C'est avec émotion profonde que je laisse partir ces pages, pleines de l'âme de mon enfant ! Mais n'est-ce pas lui qui me trace toute l'étendue de mon devoir ? "Maman, dis-le à ceux qui pleurent ! Nous sommes vivants, nous ne vous avons pas quittés, nous vous aimons."
Tout est enfermé dans ces trois propositions qui viennent d'affirmer l'existence consciente, la présence et l'amour maintenus par-delà le tombeau. Ce n'est pas la mort qui sépare, mais l'indifférence. Et Madame Monnier, dont le nom ne figurera jamais de son vivant sur les nombreuses éditions postérieures (preuve que sa démarche était exempte de tout intérêt personnel) poursuit:
La mort ne peut rien contre un amour aussi spirituel actif et fort; je n'ai point senti de brisure dans notre tendresse, car jamais elle ne me fit défaut, même aux heures les plus déchirantes de ma douleur maternelle. Un jour, dans le silence de mon cœur, j'entendis sa voix me dire: "Maman, prend un crayon ... ne pense à rien... écris !" Et depuis lors ...les messages de l'au-delà me furent dictés quotidiennement "parce que, dit-il, comment pourrions-nous laisser dans l'obscurité les bien-aimés de la Terre ?"
Au coeur du spiritisme chrétien
Cette initiation dispensée dans le secret du cœur, par un maître de sagesse plus jeune que l'élève, est la fameuse "pédagogie inversée", dont parlait Gabriel Marcel à propos du rapport existant entre Marcelle de Jouvenel et son fils, Roland. Pour Madame Monnier, elle s'est poursuivie de 1918 à 1937. Elle n'en à tiré ni gloire ni profit, elle n'avait qu'un but: sauver de la désespérance ceux et celles qui étaient dans son cas. Mais, en plus de la consolation, son but était aussi l'enseignement mystique: il s'agissait d'exposer aux chrétiens des connaissances qu'ils avaient perdues. Pierre lui explique que sa mission, et celle des nombreux esprits qui, comme lui, reviennent pour instruire, tels de nouveaux apôtres, est une tentative de plus émanant de Dieu qui les inspire et les dirige vers la Terre. Et cela par la médiation du Christ: "Jésus, ce Maître qui nous aime, c'est Lui qui nous envoie."

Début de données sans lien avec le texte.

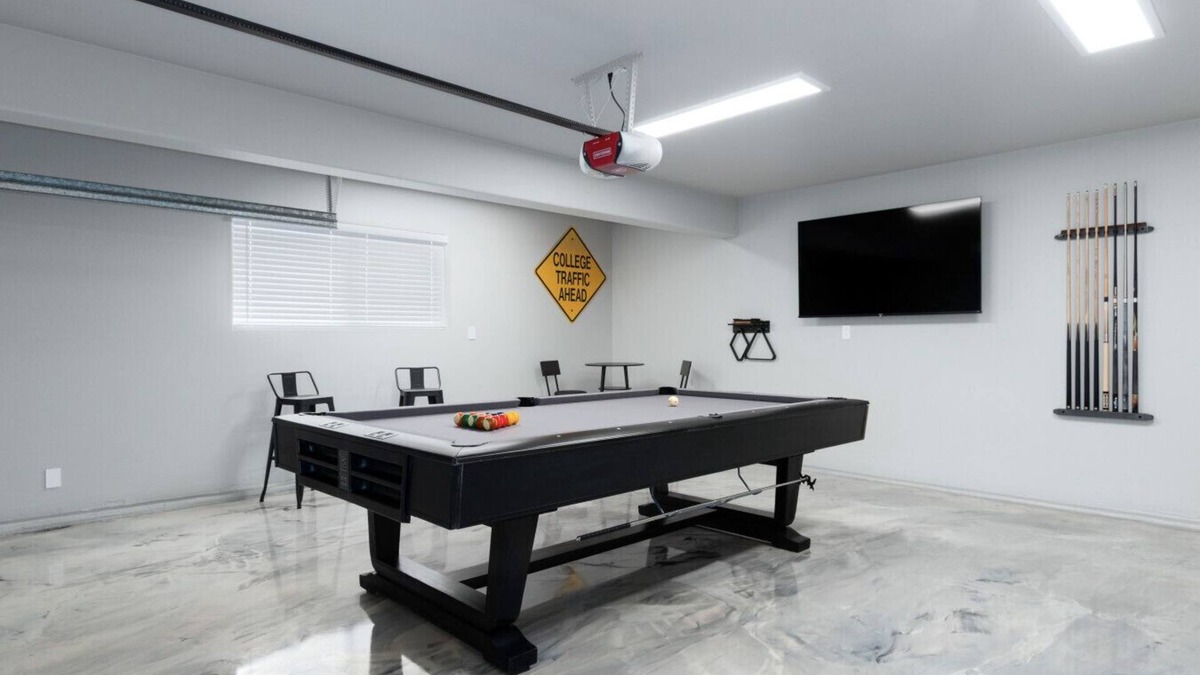 Oceano House | Beach Street Retreat | Sleeps 9 | Game Room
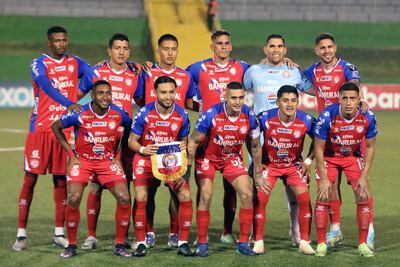 Formación de Xelajú, con los paraguayos Pedro Báez (parado, primero de la derecha) y Manuel Romero (tercero). Los Superchivos son finalistas de la Copa Centroamericana de la Concacaf 2025.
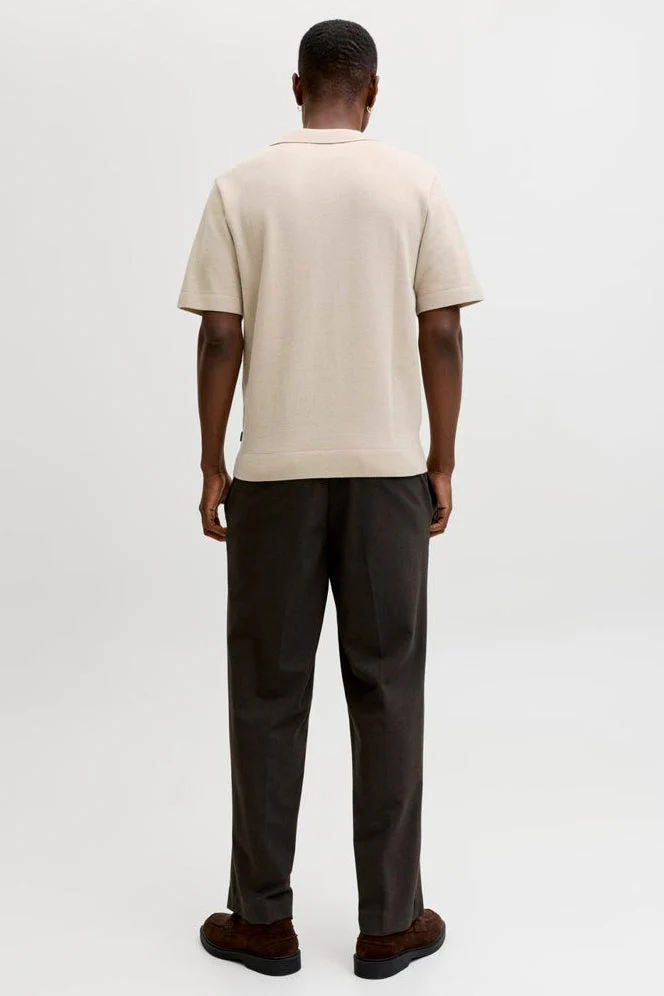 Jack & Jones Blamilano Spring Split Neck SS Ancient Scroll - Image 3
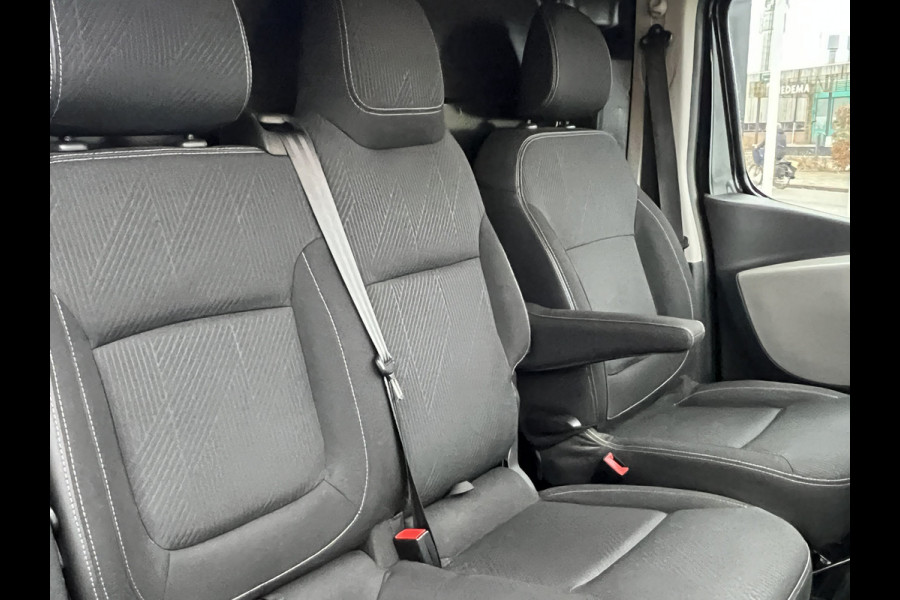 Renault Trafic 1.6 dCi T29 L2H1 Formula Edition Yellow Energy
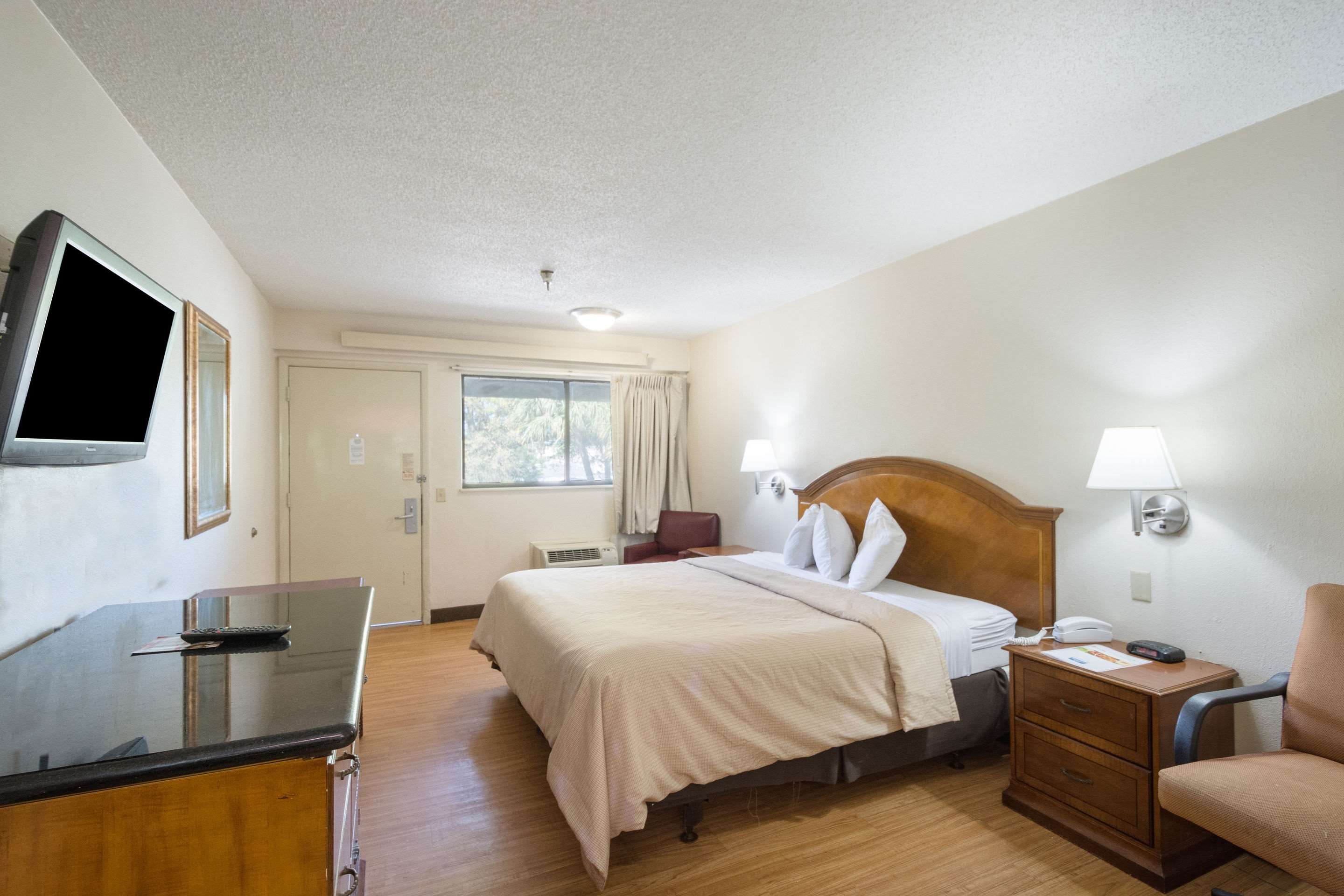 Guest room with one bed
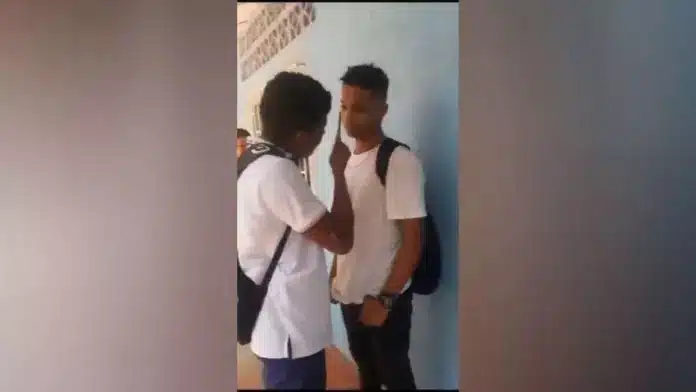 Estudiante enfrenta y agrede a su acosador en Colombia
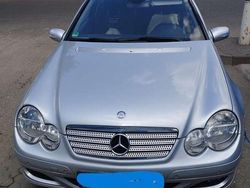 Silber Gebraucht 2006 Mercedes C200 Sport Edition Coupé | 5.299 € (Etwas zu teuer)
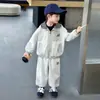 Conjunto de Primavera para Meninos Conjunto Infantil Jaqueta Moletom com Capuz 2026 Novo Tendência Bonito Estilo Coreano Street Style Roupas para Bebê
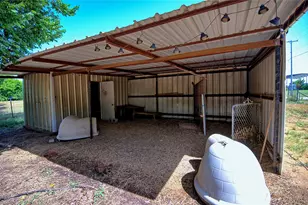 523 Billy Rd, Bowie, TX 76230 - Photo 23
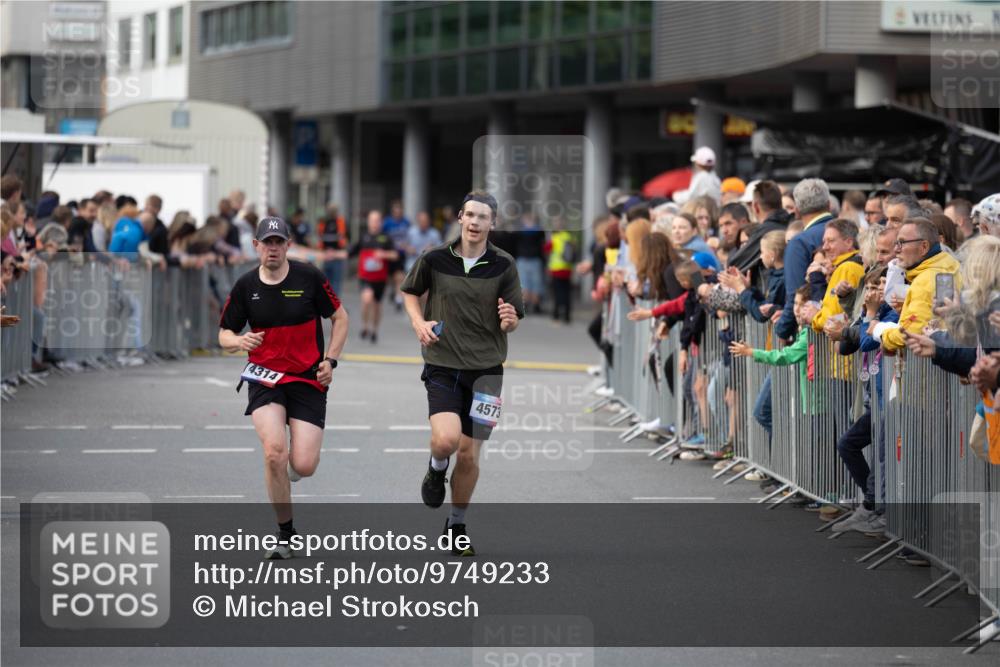 12.06.2026 - Holstenköstenlauf Michael Strokosch http://msf.ph/oto/9749233 12.06.2026 19:43:06 Laufen 4314, 4573 meine-sportfotos.de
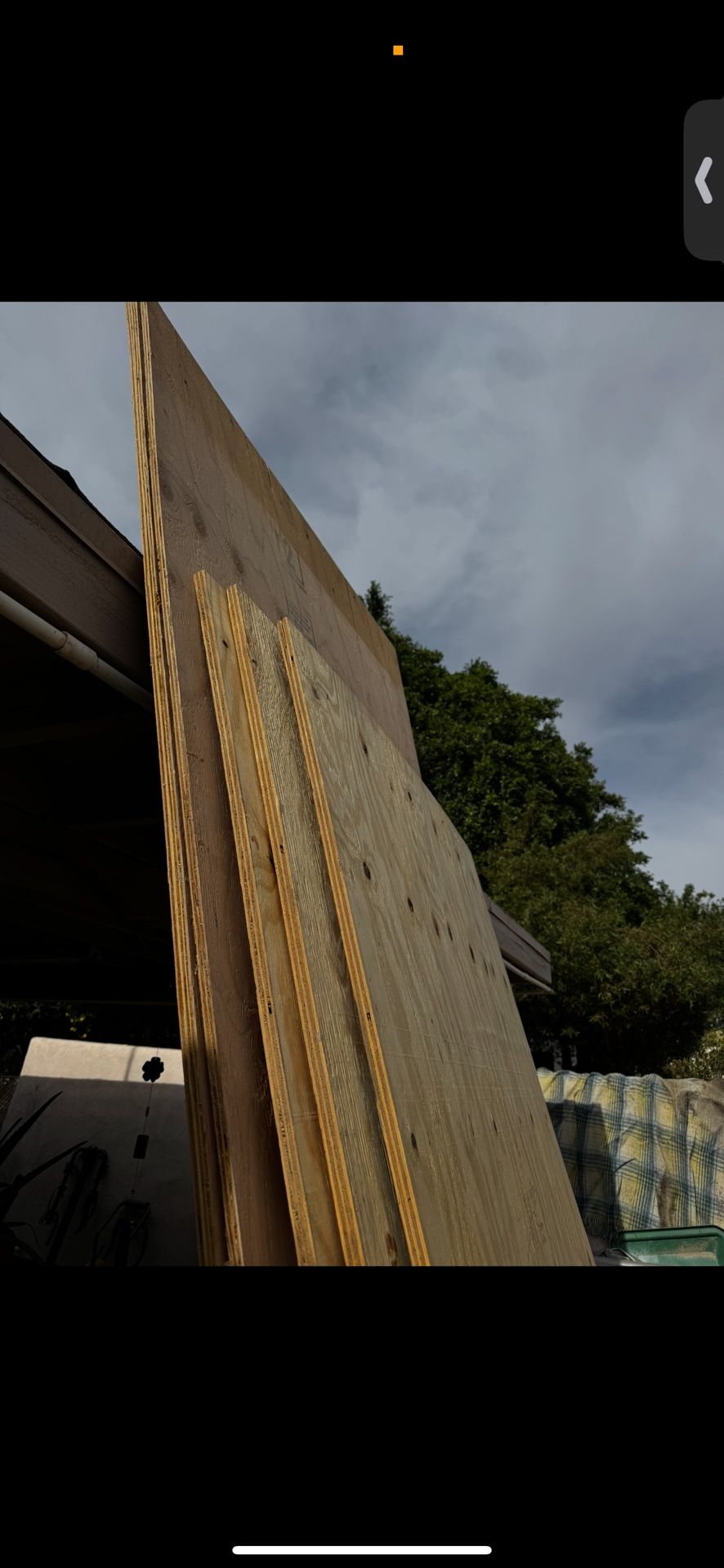 6x Big Pieces Of Plywood.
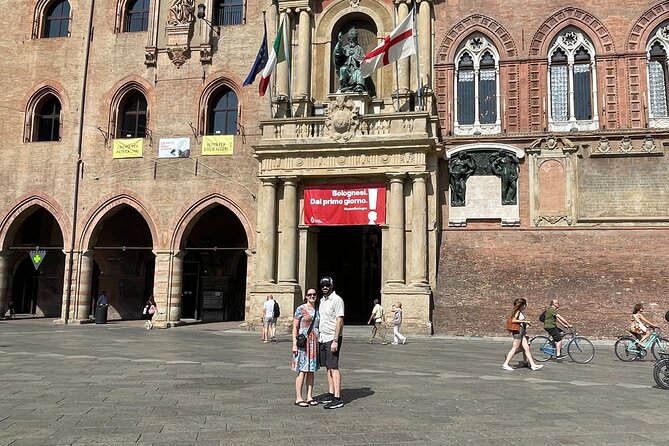 Bologna 3 Hour Private Guided City Tour of Must-See Sites - Exploring Bolognas Historic Center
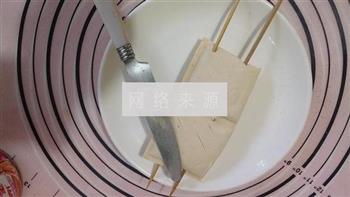 香烤孜然豆腐串的做法图解3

Par l'intermédiaire de Madame Monnier des quantités de connaissances, jadis réservées à une élite spirituelle, ont été répandues dans tous les milieux. Sans publicité, ni propagande, cette œuvre s'est perpétuée d'elle-même jusqu'à nos jours. Avec elle une nouvelle forme de communication avec l'Au-delà prend son essor: la médiumnité à effets spirituels qui a ses caractères propres. Il s'agit d'écriture intuitive: le scripteur, qui est presque toujours une femme, entend une dictée intérieur et se borne à transcrire; il ne comprend le texte qu'à la relecture. Madame Monnier écrit ce que lui dicte la voix sans timbre. Elle opère seule, en plein jour, dans un recueillement absolu. Elle ne reçoit que son fils qui se tient à ses côtés et empêche les esprits errants de venir interférer. Elle ne pose pas de questions matérielles, et surtout pas de questions concernant l'avenir. Elle se met en prière avant toute communication, elle invoque Celui qui a les paroles de la vie éternelle: le Christ. Elle n'est pas en transe, elle reste parfaitement lucide. Si une personne de son entourage entre dans la pièce et lui demande un renseignement, elle le lui donne, puis se remet à écrire: le contact n'a pas été coupé. Elle écoute la voix qui parle dans le silence de son cœur à heure fixe et dans des lieux fixes.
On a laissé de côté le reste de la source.